A decir verdad, nunca formó parte de mi imaginario, estar sola. Sufrí la soledad durante la adolescencia, pero creí que todo había pasado unos años más tarde. Sin embargo, ocurrió. Los que amé hasta ahora, y todos los que me amaron, han volteado su rostro. Pienso que mirarme les resulta doloroso, una fatiga que no están dispuestos a padecer. La comodidad domina los impulsos más nobles y los torna en desasosiego, apremios que no están dispuestos a soportar quienes persisten en vivir la era indolora. Indolora e incolora. Sin sabor, sin colores, sin perfumes, el dolor es igual que la vida, nada lo diferencia de ella.

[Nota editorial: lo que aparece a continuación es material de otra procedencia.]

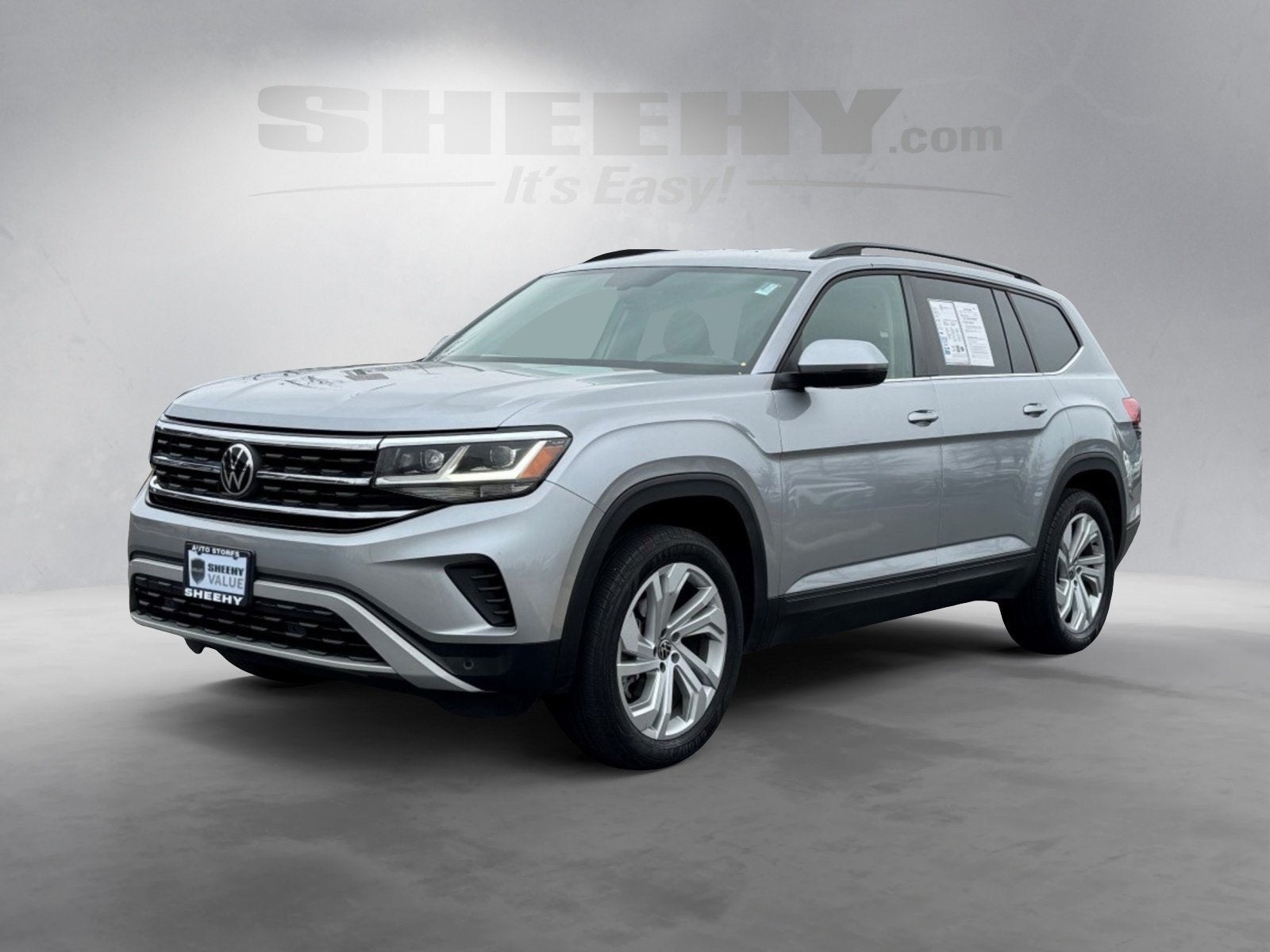 2022 Volkswagen Atlas 3.6L V6 SE w/Technology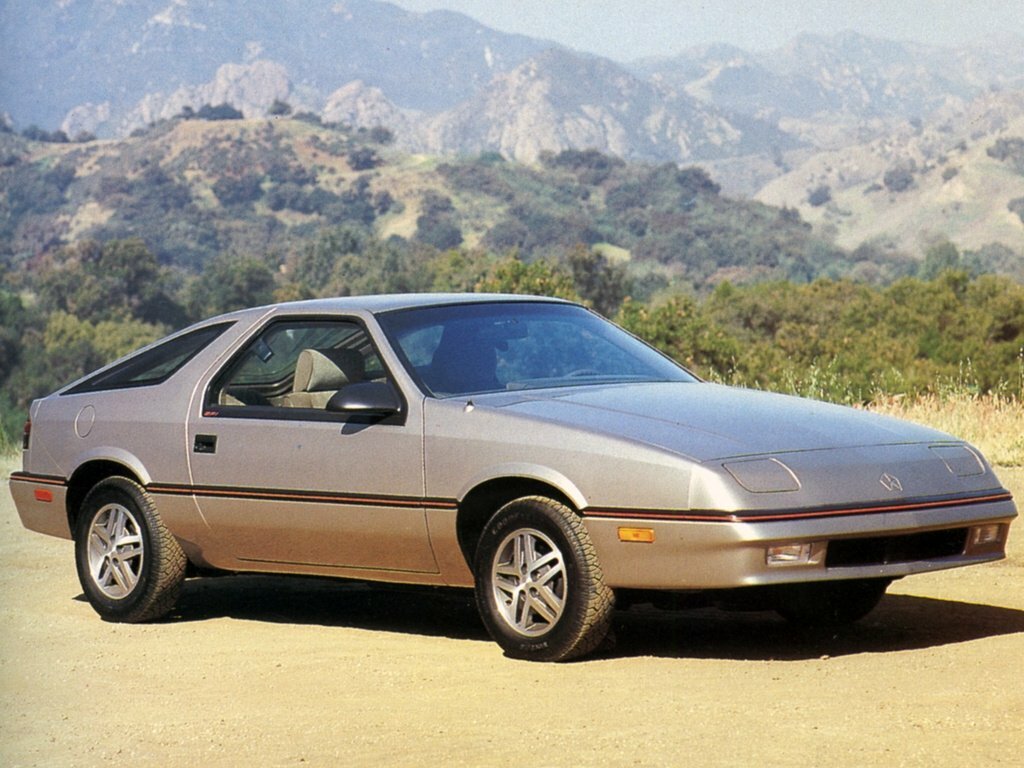 Dodge Daytona I (1984-1993) - Хэтчбек 3 дв.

Más, me resulta imposible renunciar a la vida, mucho menos a la felicidad. La soledad suele ser una interface, un tiempo intermedio entre dos etapas, el reposo del viajero que ha emprendido un arduo viaje y no quiere detenerse; sólo alguna dificultad puede vencer su persistencia y obligarlo a hacer un alto en el camino. Tiempo de reposo, de encuentro consigo mismo. La vida se suspende, como se detiene la respiración al sumergirnos en el mar cristalino del descanso veraniego.
La soledad es sólo una tregua, un descanso. Un espacio que se abre para hallar-nos, re-encontrarnos con nosotros mismos. Ya no sufro la soledad, me ahondo en ella, me reconstruyo y espero... mejor dicho, me quedo así, sin esperar nada ni a nadie. La vida reclama un espacio y un tiempo -no cronológico sino vital- para detenerse y -como los escaladores- retomar fuerzas para continuar ganando altura. Campamento en el que se espera la aurora de un nuevo día para proseguir hacia la cumbre. Escaladas y escalas, trepada y reposo, laderas escarpadas y apacible acampada. Así voy subiendo, soy montañesa al fin y al cabo, día a día, me dejo detener por la borrasca, recomienzo después de cada tormenta, espero el sol que se enciende en el horizonte del día después para desmontar el campamento y continuar trepando, aferrada a cada saliente de la ladera.
A lo lejos, veo que aquellas águilas que me han acompañado, también se detienen y esperan. Aguardan pacientemente para retomar su vuelo. Quien desea compartir el destino de las águilas no sabe de soledades, sólo de esperas.